It may therefore be possible to correlate the amount of proppant delivered,
for each
fracture site (in a particular type of rock formation) with subsequent
production capability.
Thus a preferred amount of proppant for a particular rock formation, and the
characteristics associated with the fracturing may be identified.
In this way it may be possible to control subsequent fracturing processes to
deliver a
amount of proppant to a fracture site which lies in a preferred range.
Many oil/gas wells are located in remote locations. Transporting the amount of
proppant
required for fracturing is a significant cost. If the amount of proppant
required can be
significantly reduced, with no loss in production of the resulting well, this
could represent
a significant saving. The method of the present invention may provide an
indication of
the optimal amount of proppant required and may also allow a process operator
to
ensure that the correct amount of proppant is delivered to each fracture site.

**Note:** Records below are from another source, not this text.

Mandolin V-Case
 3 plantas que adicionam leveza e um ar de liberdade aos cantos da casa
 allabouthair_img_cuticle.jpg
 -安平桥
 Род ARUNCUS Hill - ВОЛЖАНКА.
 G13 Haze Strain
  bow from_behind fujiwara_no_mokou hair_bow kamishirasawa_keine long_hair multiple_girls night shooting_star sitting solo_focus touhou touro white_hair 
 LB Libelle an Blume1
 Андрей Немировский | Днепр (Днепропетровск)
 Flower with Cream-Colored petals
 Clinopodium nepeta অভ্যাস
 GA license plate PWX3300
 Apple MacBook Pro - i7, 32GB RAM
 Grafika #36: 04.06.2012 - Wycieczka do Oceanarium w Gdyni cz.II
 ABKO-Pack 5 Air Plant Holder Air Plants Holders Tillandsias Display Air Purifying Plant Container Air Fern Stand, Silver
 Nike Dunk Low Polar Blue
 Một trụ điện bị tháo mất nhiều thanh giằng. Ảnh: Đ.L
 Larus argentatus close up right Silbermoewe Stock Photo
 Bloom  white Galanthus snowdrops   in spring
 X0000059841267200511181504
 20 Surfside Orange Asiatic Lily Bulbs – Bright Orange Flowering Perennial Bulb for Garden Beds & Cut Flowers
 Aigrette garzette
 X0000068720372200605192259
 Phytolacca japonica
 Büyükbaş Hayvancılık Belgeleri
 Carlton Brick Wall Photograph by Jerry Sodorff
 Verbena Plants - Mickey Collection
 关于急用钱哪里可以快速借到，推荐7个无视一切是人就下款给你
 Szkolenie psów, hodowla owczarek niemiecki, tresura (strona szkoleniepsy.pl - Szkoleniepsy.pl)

The method may therefore comprise analysing the acoustic data to determine the
relative flow rates of fracture fluid/proppant to each of a plurality of
downwell fracture
sites. The processing of the acoustic data may comprise a comparison of the
intensity
levels of acoustic disturbances in the vicinity of each of a number of
different fracture
sites. The average intensity or acoustic energy in each relevant sensing
portion of fibre
can be used to indicate if one fracture site is performing significantly
differently to
another fracture site, e.g. whether one fracture site is associated with a
significantly
lower or higher acoustic energy than another fracture site. This can be used
to indicate
the relative flows of fracture fluid to the fracture sites.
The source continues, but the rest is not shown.